### Your goal
Please output the section of the listing below that opens with the line containing "Phone Case For" and closes with the line containing "6pc Bucket Pin", exactly and with nothing else.

### Listed entries
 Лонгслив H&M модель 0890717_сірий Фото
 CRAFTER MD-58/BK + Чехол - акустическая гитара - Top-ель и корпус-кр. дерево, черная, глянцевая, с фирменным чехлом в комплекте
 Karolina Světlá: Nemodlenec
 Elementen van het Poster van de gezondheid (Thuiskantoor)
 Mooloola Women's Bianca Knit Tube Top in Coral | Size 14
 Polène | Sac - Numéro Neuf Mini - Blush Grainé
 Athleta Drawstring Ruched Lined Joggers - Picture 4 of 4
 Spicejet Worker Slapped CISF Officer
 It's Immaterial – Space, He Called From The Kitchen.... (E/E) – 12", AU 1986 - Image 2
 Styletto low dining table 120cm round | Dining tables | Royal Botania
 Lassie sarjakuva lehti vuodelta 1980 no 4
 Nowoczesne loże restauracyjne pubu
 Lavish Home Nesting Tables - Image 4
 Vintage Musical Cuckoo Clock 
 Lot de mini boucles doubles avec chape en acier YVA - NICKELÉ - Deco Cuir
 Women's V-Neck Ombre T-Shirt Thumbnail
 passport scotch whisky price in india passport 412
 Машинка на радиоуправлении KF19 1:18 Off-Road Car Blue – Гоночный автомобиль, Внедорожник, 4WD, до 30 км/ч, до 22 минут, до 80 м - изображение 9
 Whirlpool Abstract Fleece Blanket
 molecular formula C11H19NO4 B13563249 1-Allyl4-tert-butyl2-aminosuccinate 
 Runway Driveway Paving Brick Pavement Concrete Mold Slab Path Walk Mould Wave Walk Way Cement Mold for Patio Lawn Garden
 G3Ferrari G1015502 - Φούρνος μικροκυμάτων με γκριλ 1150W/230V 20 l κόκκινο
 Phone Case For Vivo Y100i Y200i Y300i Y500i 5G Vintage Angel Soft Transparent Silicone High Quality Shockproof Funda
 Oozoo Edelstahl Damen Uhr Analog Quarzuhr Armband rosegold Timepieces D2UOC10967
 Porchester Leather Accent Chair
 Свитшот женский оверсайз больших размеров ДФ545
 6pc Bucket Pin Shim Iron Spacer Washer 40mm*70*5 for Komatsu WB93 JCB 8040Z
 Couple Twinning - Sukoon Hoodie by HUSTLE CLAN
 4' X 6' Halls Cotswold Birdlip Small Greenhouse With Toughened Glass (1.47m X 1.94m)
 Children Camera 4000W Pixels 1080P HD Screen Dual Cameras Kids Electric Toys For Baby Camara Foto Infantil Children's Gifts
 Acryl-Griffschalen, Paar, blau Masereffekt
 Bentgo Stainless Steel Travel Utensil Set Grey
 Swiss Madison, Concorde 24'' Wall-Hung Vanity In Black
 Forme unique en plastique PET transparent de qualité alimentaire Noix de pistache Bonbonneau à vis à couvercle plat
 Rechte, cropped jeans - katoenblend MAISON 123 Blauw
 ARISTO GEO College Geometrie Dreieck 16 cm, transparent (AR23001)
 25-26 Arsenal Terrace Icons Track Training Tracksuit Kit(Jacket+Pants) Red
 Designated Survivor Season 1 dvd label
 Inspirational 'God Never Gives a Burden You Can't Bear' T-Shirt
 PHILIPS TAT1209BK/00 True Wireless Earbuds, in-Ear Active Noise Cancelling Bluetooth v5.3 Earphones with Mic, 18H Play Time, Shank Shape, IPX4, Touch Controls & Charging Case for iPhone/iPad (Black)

### Your response
 Phone Case For Vivo Y100i Y200i Y300i Y500i 5G Vintage Angel Soft Transparent Silicone High Quality Shockproof Funda
 Oozoo Edelstahl Damen Uhr Analog Quarzuhr Armband rosegold Timepieces D2UOC10967
 Porchester Leather Accent Chair
 Свитшот женский оверсайз больших размеров ДФ545
 6pc Bucket Pin Shim Iron Spacer Washer 40mm*70*5 for Komatsu WB93 JCB 8040Z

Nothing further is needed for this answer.